Della serie “no ballate”, i milanesi Geyser ci sfregiano con il power rock italiano di “Crepe”
Dovrebbe aprirsi una crepa, proprio da titolo di questo secondo album dei Geyser. Una crepa che permetta al rock italiano, quello fatto di chitarre roventi, lontano dall’indie pop carino ma inoffensivo; di venire fuori come un getto prepotente di un geyser, per richiamare il nome di questo quartetto milanese che, dopo la vittoria nel del Premio Città di Milano alla finale nazionale di “Rock Targato Italia” e il debutto gestito da soli di ““Zerø”, si affidano al luminare Pietro Foresti, per gestire al meglio la loro creatività.

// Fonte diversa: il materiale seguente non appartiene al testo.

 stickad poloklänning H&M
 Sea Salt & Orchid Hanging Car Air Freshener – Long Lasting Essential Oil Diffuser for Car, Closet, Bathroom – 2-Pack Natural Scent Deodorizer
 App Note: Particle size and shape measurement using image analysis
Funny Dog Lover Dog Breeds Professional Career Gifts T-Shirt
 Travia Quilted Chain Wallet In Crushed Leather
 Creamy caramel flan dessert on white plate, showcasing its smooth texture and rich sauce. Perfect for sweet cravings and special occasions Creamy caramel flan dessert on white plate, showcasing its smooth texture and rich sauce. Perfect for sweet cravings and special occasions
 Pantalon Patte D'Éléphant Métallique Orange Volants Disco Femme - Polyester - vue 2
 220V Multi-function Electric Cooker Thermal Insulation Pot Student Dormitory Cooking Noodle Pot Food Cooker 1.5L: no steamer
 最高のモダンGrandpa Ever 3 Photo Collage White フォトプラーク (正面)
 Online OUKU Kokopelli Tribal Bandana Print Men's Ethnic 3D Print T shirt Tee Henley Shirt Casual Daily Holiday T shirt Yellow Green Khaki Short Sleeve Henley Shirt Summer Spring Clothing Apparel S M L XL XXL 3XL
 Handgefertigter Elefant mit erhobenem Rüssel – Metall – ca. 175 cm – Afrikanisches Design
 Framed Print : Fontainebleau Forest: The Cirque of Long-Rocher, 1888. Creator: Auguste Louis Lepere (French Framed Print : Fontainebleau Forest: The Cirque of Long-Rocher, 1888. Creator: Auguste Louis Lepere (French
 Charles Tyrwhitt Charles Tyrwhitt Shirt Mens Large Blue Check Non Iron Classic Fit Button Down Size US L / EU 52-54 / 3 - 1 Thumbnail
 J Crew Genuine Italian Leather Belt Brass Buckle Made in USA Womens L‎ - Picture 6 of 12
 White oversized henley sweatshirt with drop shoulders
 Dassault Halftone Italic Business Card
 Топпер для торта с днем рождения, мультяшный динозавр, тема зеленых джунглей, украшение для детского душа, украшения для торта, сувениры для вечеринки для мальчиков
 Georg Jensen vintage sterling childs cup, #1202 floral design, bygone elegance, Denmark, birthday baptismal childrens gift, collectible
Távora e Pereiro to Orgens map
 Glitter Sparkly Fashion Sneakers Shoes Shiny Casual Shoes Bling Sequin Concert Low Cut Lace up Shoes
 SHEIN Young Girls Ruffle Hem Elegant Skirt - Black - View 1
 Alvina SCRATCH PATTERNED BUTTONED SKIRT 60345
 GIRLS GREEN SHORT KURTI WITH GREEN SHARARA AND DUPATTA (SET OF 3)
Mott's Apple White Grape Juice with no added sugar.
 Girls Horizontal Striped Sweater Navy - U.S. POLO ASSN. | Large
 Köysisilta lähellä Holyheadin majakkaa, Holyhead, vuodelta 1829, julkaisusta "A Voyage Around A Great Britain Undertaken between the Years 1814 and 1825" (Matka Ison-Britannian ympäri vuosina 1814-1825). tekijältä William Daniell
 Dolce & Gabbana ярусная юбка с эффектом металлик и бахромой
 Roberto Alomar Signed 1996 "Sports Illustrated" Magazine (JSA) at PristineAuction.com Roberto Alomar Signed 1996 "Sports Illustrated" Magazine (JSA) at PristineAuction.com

Il risultato è racchiuso in queste dieci tracce, che hanno l’unico limite nella semplice confezione a cartoncino, che le raccoglie. Per il resto ascoltiamo tutti gli elementi che rendono adulto il rock tricolore: un cantato potente, sgraziato in alcuni momenti, ma raramente fuori traiettoria, poi ci sono riff e ritmiche che spingono il suono fuori dalla casse (buttate vie quelle cuffiette del cellulare per favore) e la carta vincente di melodie e refrain, che rendono il singolo “A lungo andare”, l’energia corrosiva di “Tutti contro tutti”, “Eliocentrismo” e “Alla deriva”, i pezzi che più di altro renderanno i loro concerti un momento di pura vitalità collettiva.
Come scritto in altre occasioni, a band come i Geyser non manca nulla, solo un pubblico da convincere e che abbia voglia di rituffarsi in quegli anni ’90, periodo magico del rock nazionale. Inutile dire che non si tratta solamente di nostalgia, emergono molti spunti di attualità, ma è innegabile che l’humus creativo sia da cercare tra le cannonate di Timoria, Litfiba e compagnia bella.
Ascoltate “Crepe”, interessanti anche i testi: la rivoluzione è alle porte.